Title: | Bayesian Change-Point Detection for Process Monitoring with Fault Detection |
---|---|
Description: | Bayes Watch fits an array of Gaussian Graphical Mixture Models to groupings of homogeneous data in time, called regimes, which are modeled as the observed states of a Markov process with unknown transition probabilities. In doing so, Bayes Watch defines a posterior distribution on a vector of regime assignments, which gives meaningful expressions on the probability of every possible change-point. Bayes Watch also allows for an effective and efficient fault detection system that assesses what features in the data where the most responsible for a given change-point. For further details, see: Alexander C. Murph et al. (2023) <arXiv:2310.02940>. |
Authors: | Alexander C. Murph [aut, cre] , Reza Mohammadi [ctb, cph] , Alex Lenkoski [ctb, cph] , Andrew Johnson [ctb] ([email protected]) |
Maintainer: | Alexander C. Murph <[email protected]> |
License: | GPL-3 |
Version: | 0.1.3 |
Built: | 2024-12-23 06:35:49 UTC |
Source: | CRAN |
Main method of package. MCMC sampling for change-point probabilities with fault detection according to the model by Murph et al. 2023. Creates a bayesWatch object for analysis of change-points.

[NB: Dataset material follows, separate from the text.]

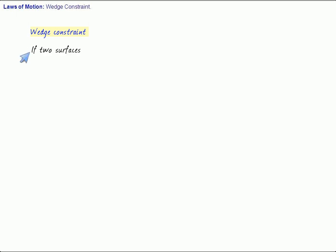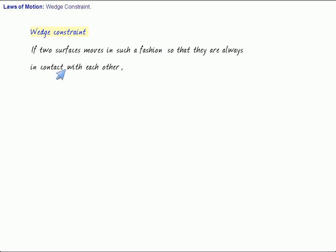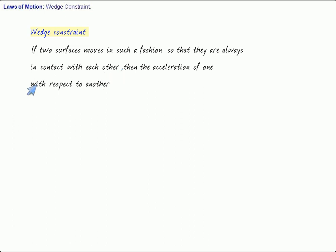Now what does the wedge constraint say? Try to understand, listen carefully. It says that if two surfaces move in such a fashion so that they are always in contact with each other, then the acceleration of one with respect to another is parallel to the two surfaces which are in contact.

bayeswatch( data_woTimeValues, time_of_observations, time_points, variable_names = 1:ncol(data_woTimeValues), not.cont = NULL, iterations = 100, burnin = floor(iterations/2), lower_bounds = NULL, upper_bounds = NULL, ordinal_indicators = NULL, list_of_ordinal_levels = NULL, categorical_indicators = NULL, previous_states = NULL, previous_model_fits = NULL, linger_parameter = 500, move_parameter = 100, g.prior = 0.2, set_G = NULL, wishart_df_initial = 1500, lambda = 1500, g_sampling_distribution = NULL, n.cores = 1, scaleMatrix = NULL, allow_for_mixture_models = FALSE, dirichlet_prior = 0.001, component_truncation = 7, regime_truncation = 15, hyperprior_b = 20, model_params_save_every = 5, simulation_iter = NULL, T2_window_size = 3, determining_p_cutoff = FALSE, prob_cutoff = 0.5, model_log_type = "NoModelSpecified", regime_selection_multiplicative_prior = 2, split_selection_multiplicative_prior = 2, is_initial_fit = TRUE, verbose = FALSE )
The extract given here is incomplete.